RECORDED INFORMATION
==============================

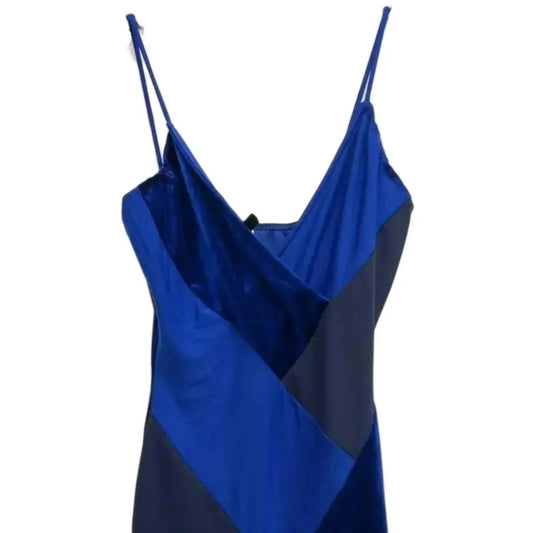 Women's Zendaya Color Block Velvet Contrast Elegant Midi Dress
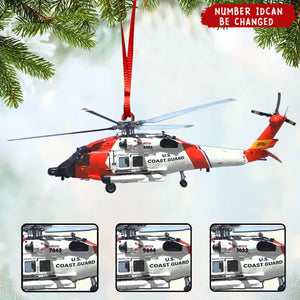 2024 New Release - Personalized US Coast Guard Helicopter Christmas Acrylic Ornament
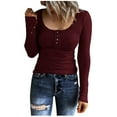 thumbnail image 1 of ICHUANYI Women's Tops Trendy Long Sleeve Henley T Shirts Solid Scoop Neck Ribbed Knit Basic Shirts Button Slim Fit Tees Blouse Tunics, 1 of 7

==============================

Should there be pictures in the data, leave them out and return the rest exactly.

TASK OUTPUT
 Women's Zendaya Color Block Velvet Contrast Elegant Midi Dress
 2024 New Release - Personalized US Coast Guard Helicopter Christmas Acrylic Ornament
 thumbnail image 1 of ICHUANYI Women's Tops Trendy Long Sleeve Henley T Shirts Solid Scoop Neck Ribbed Knit Basic Shirts Button Slim Fit Tees Blouse Tunics, 1 of 7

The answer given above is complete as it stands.